Looks good, doesn’t it? We managed to exchange crypto between Alice and Bob by securing the transaction with some cryptography and smart contracts that are native to the Ethereum and Ontology networks.
However, this example has some significant flaws and can only work in a perfect world. If either Alice or Bob have malicious intentions or there’s a so-called man in the middle, the protocol will fail to provide an honest and fault-tolerant exchange process.
Let’s take a closer look at how this system could be abused:
- Alice doesn’t provide a secret. In this scenario, step 6 of our Protocol #0 never happens. It may not even be intentional — Alice might forget or lose her secret. In this case, Alice will lose access to her ONT and Bob will lose access to his ETH.
- Alice claims both ETH and ONT. This could easily happen since after step 5, Alice is the only person who knows the secret number. She could claim ETH and ONT simultaneously before Bob notices.
- Alice or a middleman could claim ONT instead of Bob. Since right now there’s no information about who has the right to claim the coins, anybody with the secret can do so. Therefore, Alice could take advantage of the situation by creating a new address and using a secret number to claim ONT instead of Bob. Then she could claim ETH as well. Even if Alice behaves honestly, there’s always the possibility of a middleman who knows the secret number after Alice claims ETH and uses it before Bob does.
The first two issues can be fixed by introducing timelocks to our protocol alongside hashlocks.
A timelock is a type of smart contract that locks coins for a certain amount of time. Let’s say there’s a smart contract and someone has sent some number of coins to it. This contract also contains information about a certain address (any address at all) that can claim those coins for itself, but only after a certain time passes.
In this example, we use timelocks to introduce refund logic, providing Alice and Bob with 24 hours to exchange their coins.

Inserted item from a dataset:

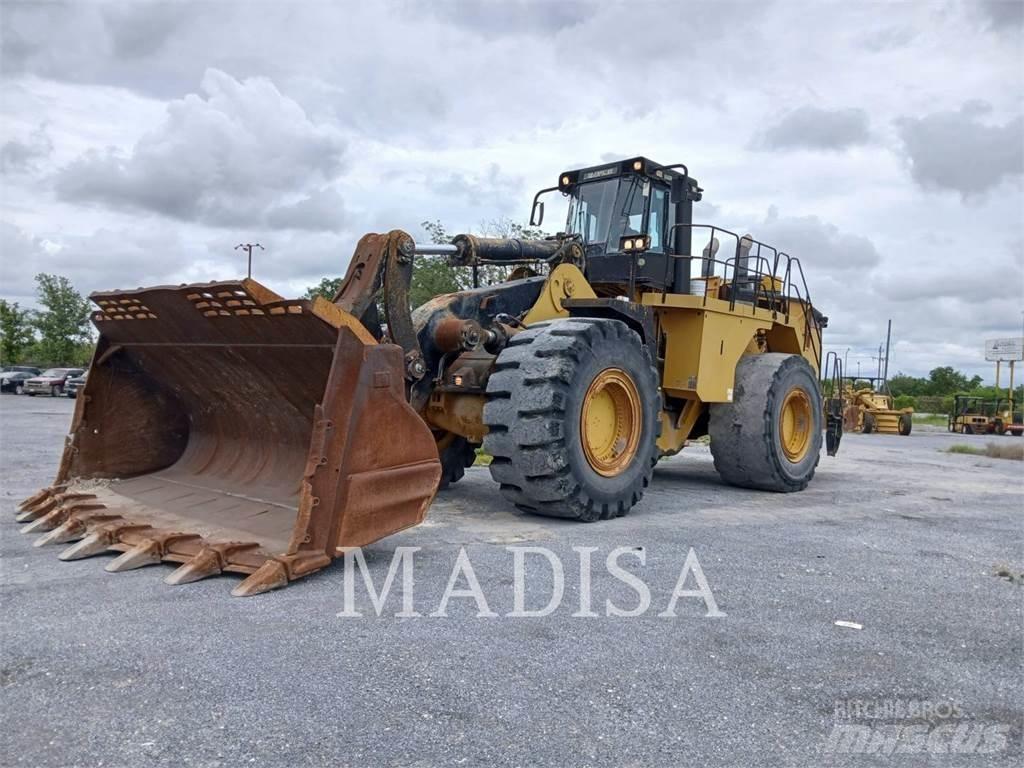 CAT 992G Pale gommate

If they don’t, they’re free to request their coins back to their own addresses.
Now let’s see what our new protocol looks like and what happens if certain steps aren’t performed.
Once again, Alice has some ONT and Bob has some ETH and both of them want to exchange their coins.
1. Alice generates a secret number.
2. Alice creates a hash of the secret number.
3. Alice puts her coins in an Ontology smart contract with the condition that whoever knows the secret corresponding to the provided hash can claim the ONT. In case nobody claims it, she’ll receive her ONT back in 48 hours.
4. Bob locks his ETH in an Ethereum contract with the same hashlock as Alice and with a 24-hour timelock. If nobody claims his ETH, he’s free to take it back in 24 hours.
If Bob never responds to the order, Alice and her locked ONT will be perfectly safe. She can claim it back in 48 hours.
5. Alice now sends her secret number to Bob’s Ethereum smart contract. Alice has claimed her coins.
If Alice never reveals the secret number, things will also be fine. Bob will be able to refund his ETH in 24 hours, and Alice will regain access to her ONT in 48 hours.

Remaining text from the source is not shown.